Leaven Blog

Why is September not July?

by Olivia Martin

A couple days ago I had a dilemma.

A friend had asked me via text message when we might go on a trip together and I replied, “Maybe Aug or sept.”

Now, my phone automatically capitalized the “aug” I originally had typed to “Aug,” because, you know, phones are getting smarter all the time and it knew I was referring to the month. 

But it didn’t automatically capitalize “sept.”

That’s when I quickly rationalized that of course it didn’t capitalize “sept” for me because it’s another way to indicate the number seven.

And that got me thinking: Why on earth does September fall on the ninth month instead of the seventh?

It didn’t take long to find the answer, once I took my question to Google. But I felt as if I — and all of Western civilization with me — had been duped.

It turns out that the Romans used to have 10 months in their calendar, which began in March. The Roman calendar accounted for 304 days within its 10 months — and the remaining 61 winter days were ignored.
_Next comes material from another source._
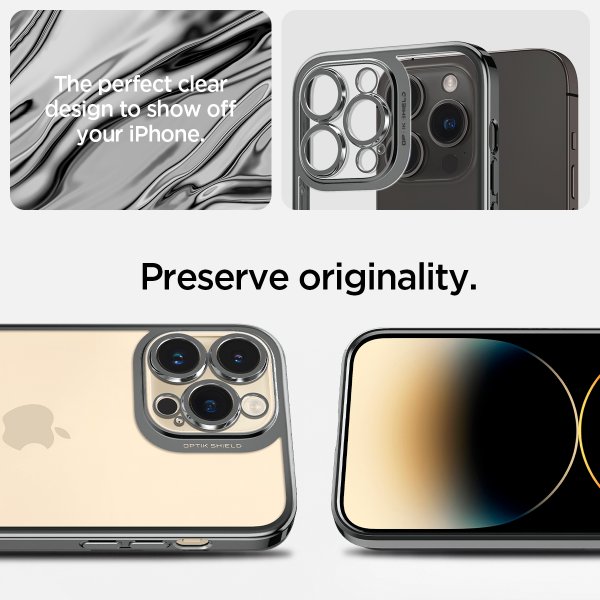 Spigen iPhone 14 Pro Max Skal Optik Crystal Chrome Gray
In that ancient calendar all was right with the world — September was the seventh month, October eighth and so forth.

So, it all used to make sense — until the world got a better understanding of astronomy.
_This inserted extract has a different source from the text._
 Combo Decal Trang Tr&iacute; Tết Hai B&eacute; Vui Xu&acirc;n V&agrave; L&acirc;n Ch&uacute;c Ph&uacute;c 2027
I thought it was Julius and Augustus Caesar who messed everything up, but I was wrong.

It turns out that just Julius Caesar and the Egyptians are the ones to blame.

Julius had spent 48-46 B.C. in Egypt where he learned of their 365-day calendar. So, after Julius took office, he added January and February to the year 46 B.C. and they were inaugurated the following year in 45 B.C.

Before Julius, July was called “Quintilis,” meaning five, and later, when Augustus became emperor, he changed “Sextilis” to August. 

So, I guess you could say in a way they messed us up. But the correlation of the months’ names with their placement in the year had already ended.

So, what has this got to do with the price of tea in China?

February was named after the Latin word februum, which means purification.

And I don’t think this month’s name could have been more aptly given. It’s strangely a perfect segue into Lent, which begins March 6 this year.

Since learning about the calendar and the names of the months, I’m now challenged by February to go beyond complaining about the snow and cold and to recalibrate my perspective, recognizing it as an opportunity for purification.

After all, what is life if not lived positively?